9. Echinacea tennesseensis (Beadle) Small, Man. S.E. Fl. 1421, 1509. 1933.
Tennessee purple coneflower
Brauneria tennesseensis Beadle, Bot. Gaz. 25: 359. 1898; Echinacea pallida (Nuttall) Nuttall var. tennesseensis (Beadle) Binns, B. R. Baum & Arnason
Plants to 50 cm (roots elongate-turbinate, branched). Herbage sparsely to densely hairy (indument relatively soft, hairs spreading, to 2+ mm). Stems yellowish green becoming tan. Basal leaves: petioles 2–10 cm; blades 1- or 3-nerved, linear to lanceolate, 6–12 × 0.7–1.5 cm, bases attenuate, margins entire (usually ciliate). Peduncles 8–25+ cm. Phyllaries lanceolate to ovate, 5–10 × 1.5–2.5 mm. Receptacles: paleae 9–12 mm, tips purple, 2–3 mm, often incurved, rounded to acute. Ray corollas pink to purplish, laminae spreading to reflexed, 20–40 × 3–4 mm, moderately hairy abaxially. Discs conic, 10–25 × 15–25 mm. Disc corollas 5.5–6.5 mm, lobes usually purple. Cypselae tan, 4–5 mm, faces smooth, glabrous; pappi to ca. 1.2 mm (major teeth 0–4). 2n = 22.

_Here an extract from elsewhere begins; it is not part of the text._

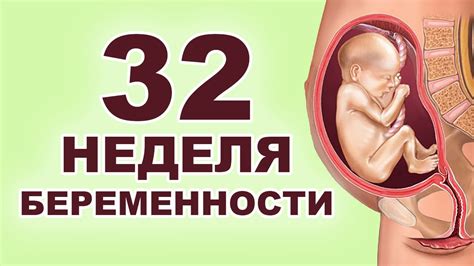 Можно ли родить в 32 недели?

Flowering in summer. Dry, rocky hills, barrens; of conservation concern; 100–200 m; Tenn.
Echinacea tennesseensis is in the Center for Plant Conservation’s National Collection of Endangered Plants.
SELECTED REFERENCE
Drew, M. B. and E. C. Clebsch. 1995. Studies on the endangered Echinacea tennesseensis (Asteraceae): Plant community and demographic analysis. Castanea 60: 60–69.